There’s nothing like a powerful rainstorm or rapid snowmelt to make us thankful for the work that Conservation Authorities do. Without Ontario’s progressive land use policies and Conservation Authority regulations which protect people and prevent costly damages and business disruptions, things could be much worse.
Conservation Authorities are legislated by the Province to direct development outside of natural hazards such as flood-prone areas and to conserve critical natural resources and systems such as drinking water sources.
We recognize that our province is an economic engine for the country and is home to a large and widely diverse growing population. The Planning Act, the Provincial Policy Statement and Provincial Plans provide critical protections that are important to long-term economic, environmental, and social well-being. Conservation Authority planning processes and permitting approvals help to guide development so that it takes place in appropriate areas.
We agree with the development sector that we need ‘evidence-based decision-making’ to determine how and where growth should occur.

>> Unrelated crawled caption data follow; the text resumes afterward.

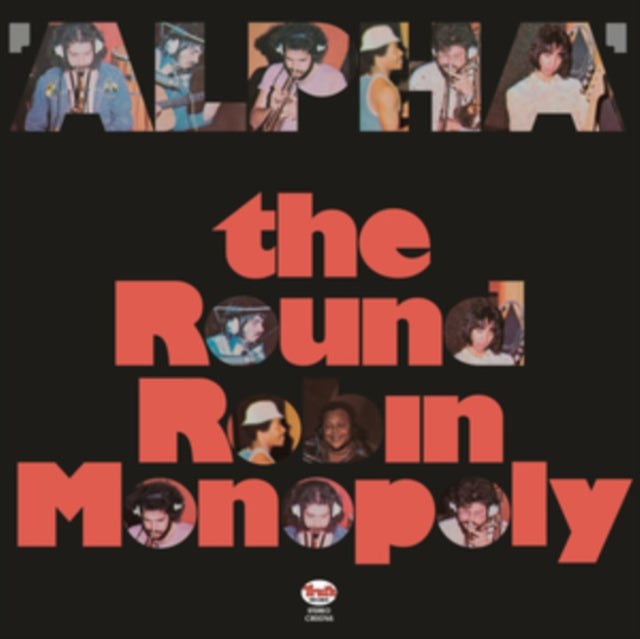 This LP Vinyl is brand new.Format: LP VinylThis item's title is: Alpha (Jazz Dispensary Top Shelf Series)Artist: Round Robin MonopolyBarcode: 888072593077Release Date: 6/28/2024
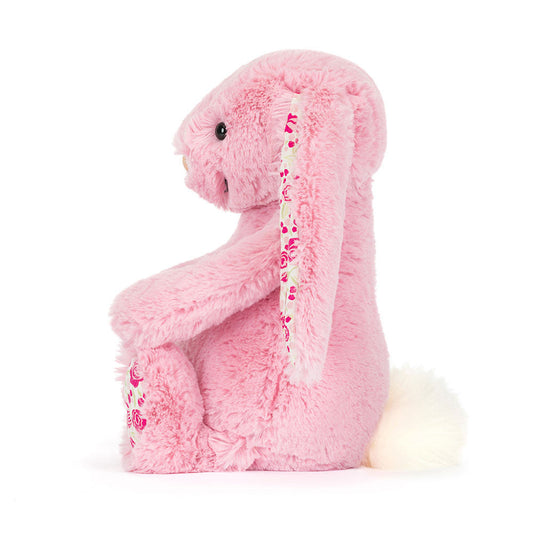 Jellycat Blushkin Blossom Luxe Bunny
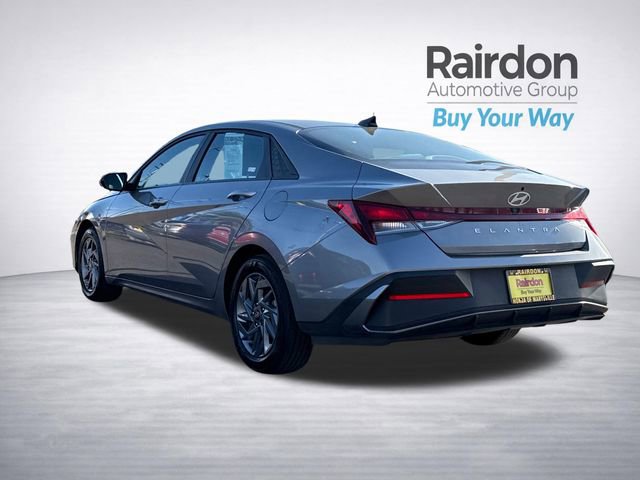 Used 2024 Hyundai Elantra SEL image 5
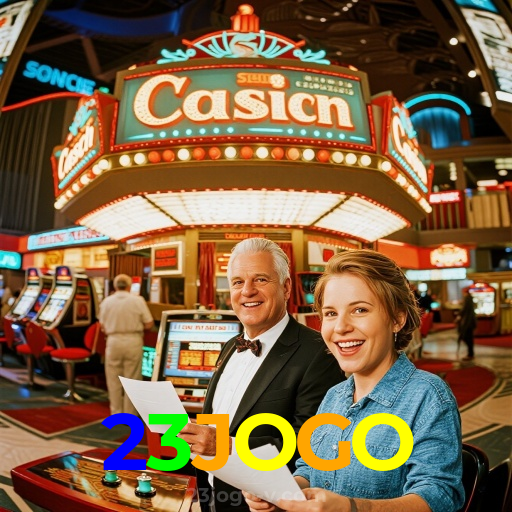 23JOGO：Jogue nas melhores slots e leve para casa prêmios sensacionais!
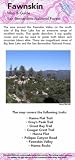 Fawnskin Map and Guide: Biking (MTB) and Hiking Routes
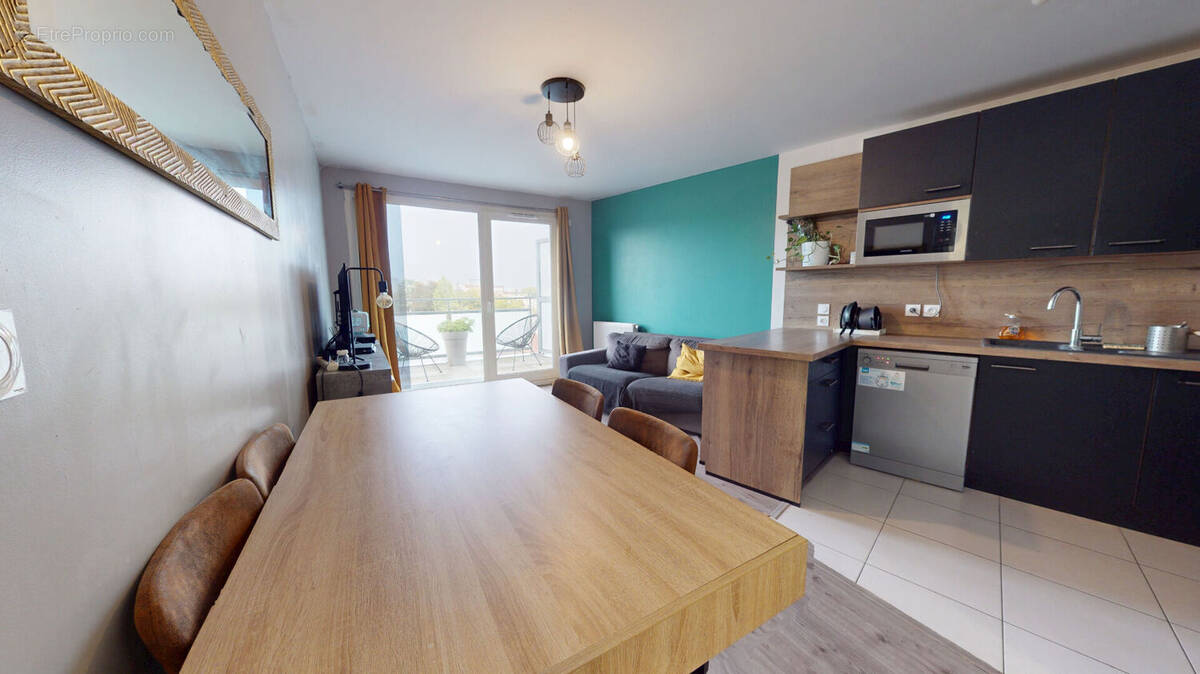 Appartement à ROSNY-SOUS-BOIS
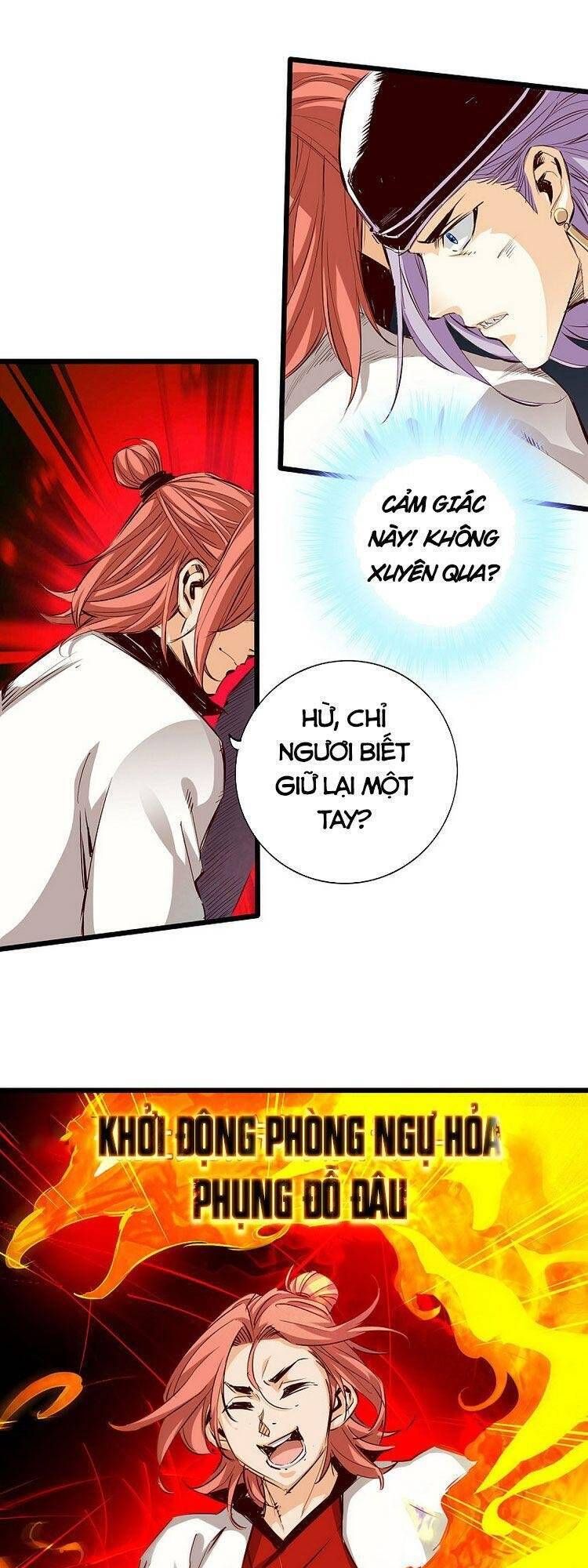 đọc truyện Thông Thiên Chi Lộ Chương 59 ảnh 3 tại Thiên Thai Truyện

Through their watershed management programs such as watershed planning and monitoring, Conservation Authorities are able to track and report on conditions across the province. This watershed knowledge is then used as evidence to provide input to planning processes which help to guide decision-making so that it considers the condition of the environment in which Ontarians want to live and work.
Conservation Authorities are committed to providing expert advice, through strong watershed-based science. We recognize, and agree, that there is a need for some improvements that will support growth while still maintaining the health and safety of our residents. These could include:
- Require pre-consultation with approval agencies such as Conservation Authorities and government
- Develop user-friendly guidance materials for approval authorities which could simplify the approval process and requirements for approvals for developers
- Better define what makes up a complete application
- Update and simplify technical guidelines
- Ensure the costs of growth are shared; new development needs to be able to help address current aging infrastructure and contribute to the building of new infrastructure – both of which are needed to support additional housing
Planning for growth is not an easy process that’s done in a day and Conservation Authorities are very aware that time is money.
In order to ensure we are as efficient as possible, Conservation Authorities work with partners in the private and public sectors to fine tune the approvals process. As a result of changes made to the Conservation Authorities Act, Conservation Ontario and the Conservation Authorities have been participating in a provincial multi-sector committee, including the development sector, to figure out how we can improve our approval processes.
As well, Conservation Authorities are working right now, with Conservation Ontario, to streamline their own approvals processes to create greater consistency and efficiencies.
We are committed to continuing this work.